NVIDIA uses YouTube and Netflix videos to train its artificial intelligence without permission. 404 Media has gained access to leaked internal documents (access by subscription), Engadget reports.
It is noted that employees of NVIDIA's AI department have been instructed to download videos from YouTube, Netflix, and other video hosting sites to develop commercial AI projects. Apparently, the tech giant believes that it does not have time to "play by the rules," especially when competitors are also awake.
Reportedly, the purpose of collecting video footage was to develop models for products such as the Omniverse 3D world generator, self-driving car systems, and the digital human project.
A spokesperson for NVIDIA said that the company's research “in full compliance with the letter and the spirit of copyright law.” The company argues that intellectual property laws protect specific expressions, “but not facts, ideas, data, or information.”
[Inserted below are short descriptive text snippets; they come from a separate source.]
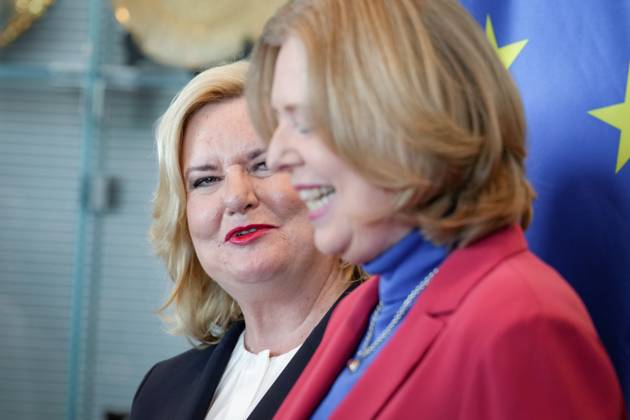 Uebergabe des Jahresberichtes 2022 der Wehrbeauftragen im Deutschen Bundestag Aktuell,14.03.2023, Berlin, Eva Hoegl, Wehrbeauftragte bei der Uebergabe des Jahresberichtes 2022 der Wehrbeauftragen an die Bundestagspraesidentin Baerbel Bas im Deutschen Bundestag Berlin Berlin Deutschland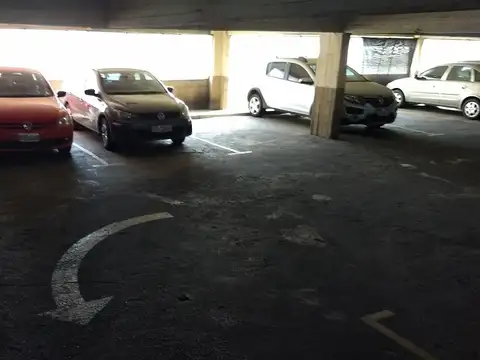 Amplia cochera para auto y moto a 2 cuadras de Cabildo!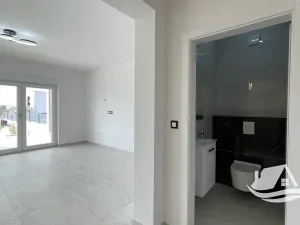 Prodej vily, Tribunj, Chorvatsko, 210 m2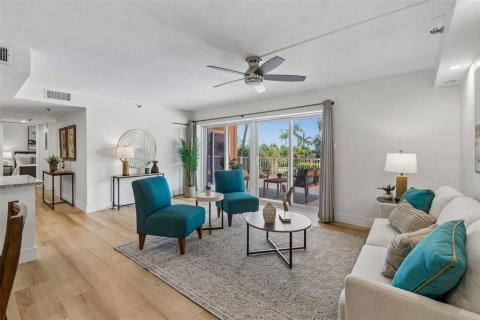 Condo in Saint Petersburg, Florida, 2 bedrooms  № 2166929 - photo 17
The company equated this practice with the human right to “learn facts, ideas, data, or information from another source and use it to make their own expression.”
A YouTube representative disagrees with this rhetoric. He pointed to a previous similar case when OpenAI trained its artificial intelligence on the hosting materials. Using YouTube to train AI models would be a “clear violation” of its terms, the company said.
Some NVIDIA employees expressed concerns about this practice, but received a response from their managers that they already had the green light from the highest levels of the company.
In addition to YouTube and Netflix videos, NVIDIA reportedly also used MovieNet movie trailer hosting databases, internal video game libraries, and Github WebVid (now defunct) and InternVid-10M video datasets.
To avoid detection by YouTube, NVIDIA reportedly uploaded content using virtual machines with different IP addresses. In response to an employee's suggestion to use a third-party tool to change the IP address, another NVIDIA employee wrote: "“We are on [Amazon Web Services](#) and restarting a [virtual machine](#) instance gives a new public IP[.](#) So, that’s not a problem so far.”